İNCELEME VE GEREKÇE:

Dava, yangın sigortası kapsamında meydana gelen zararın davalı sigortacıdan tahsili taleplidir
.—- Asliye Hukuk Mahkemesi’nin—- esas —– karar sayılı kararı ile görevsizlik kararı verilerek dosyanın mahkememize gönderildiği ve işbu —–esas sırasına kaydı yapılarak yargılamaya devam olunduğu anlaşılmıştır.7155 sayılı Kanun’un 20. Maddesi ile eklenen 5/A maddesi uyarınca arabuluculuk başvurusunda bulunulmuştur. arabuluculuk son tutanağında icra dosya borcunun ödenmesi hususunda anlaşmaya varılamadığına ilişkin arabuluculuk son tutanağı dosya arasına alınmıştır.Davacının iş yerinde 15.08.2018 tarihinde yangın meydana geldiği, iş yerinde bulunan seramik taşlarının zarar gördüğü ve olay tarihi itibariyle davacı ile davalı sigortacı arasında imzalanan poliçe bulunduğu hususlarında taraflar arasında uyuşmazlık bulunmamaktadır. Davacının meydana gelen zararı, davalıdan tahsil etmek amacıyla davalıya başvurduğu ve davalının başvuruyu reddettiği anlaşılmaktadır. Hal böyle olunca taraflar arasındaki uyuşmazlığın, meydana gelen zararın poliçe kapsamında olup olmadığı, davalının sorumluluğunun bulunup bulunmadığı hususunda toplandığı aşikardır.
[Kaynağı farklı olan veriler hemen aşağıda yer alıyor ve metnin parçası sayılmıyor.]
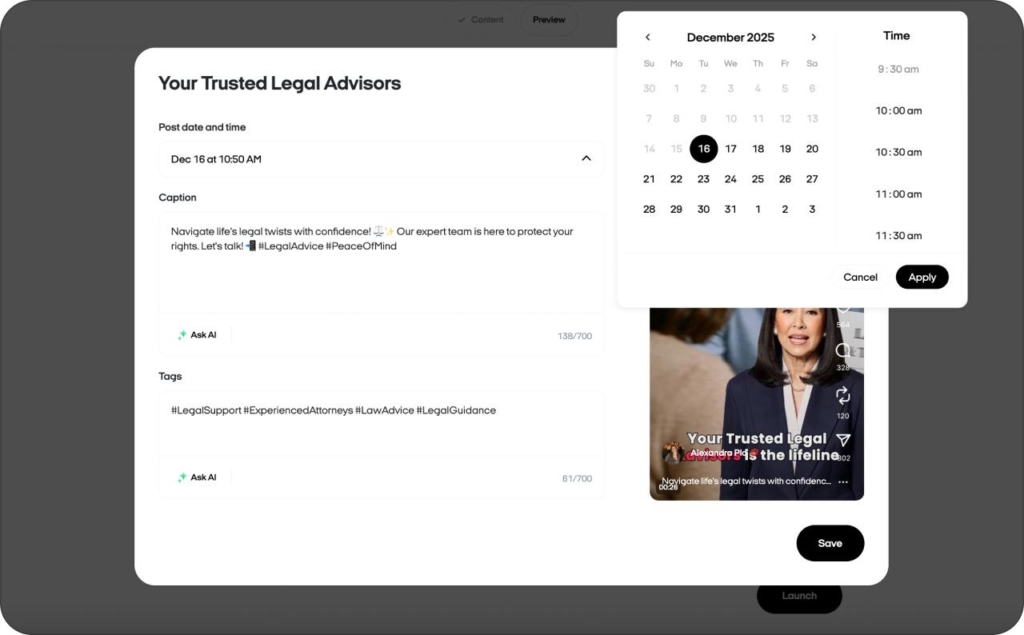 Screenshot of scheduling viral campaign via Zeely AI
Mahkememizce davalıya müzekkere yazılarak davaya konu yangın ile ilgili hasar dosyası ve bütün bilgi ve belgeler ile taraflar arasında imzalanan ve olay tarihini kapsayan poliçe dosya arasına alınmıştır.—–Tarafından davacıya ait iş yerinde ipoteği olduğu ve 18.10.2021 tarihinde ipoteğin fek edilmiş olduğu anlaşılmıştır.Dosya arasında toplanan bilgi ve belgeler ile dosya alanında uzman bilirkişi kuruluna tevdii edilmiş, 30.01.2023 tarihli kök rapor ve 19.06.2023 tarihli ek rapor dosya arasına alınmıştır.Dosya kapsamında bulunan bilirkişi raporları, hasar dosyası ve taraf beyanları hep birlikte değerlendirildiğinde; davacı ile davalı arasında olay tarihi itibariyle geçerli olan yangın sigortası bulunduğu, Yangın Sigortası Genel Şartları’nın A.2.1. Maddesinde taşınmaz mallarda eğer taraflar arasında aksine bir hüküm yoksa yangın sigortasının teminatının kapsamı; binaların dışında yer alan bahçıvan evi, garaj, su deposu, kömürlük gibi eklentiler ile binaların içlerinde veya üzerilerinde bulunan her çeşit sabit tesisat, asansör ve yürüyen merdivenler, yıldırımlık, televizyon anteni gibi binayı tamamlayan şeyler ile temeller ve istinat duvarlarında gerçekleşen zararlar sigorta bedelinin kapsamı içindedir şeklinde düzenleme bulunduğu, taşınır malların sigortalılık durumunun sigortalı yerler üzerinden belirlendiği, somut olayda dosya kapsamında bulunan fotoğraflar incelendiğinde zarar gören seramik taşlarının açık alanda bulunduğu ve taraflar arasında düzenlenen poliçede açık alanda bulunan malların sigorta kapsamında olduğuna düzenleme bulunmadığı hususları hep birlikte değerlendirildiğinde meydana gelen zararın poliçe kapsamı dışında olduğu ve davalının sorumlu bulunmadığı anlaşılmakla davanın reddine karar verilerek aşağıdaki şekilde hüküm kurulmuştur.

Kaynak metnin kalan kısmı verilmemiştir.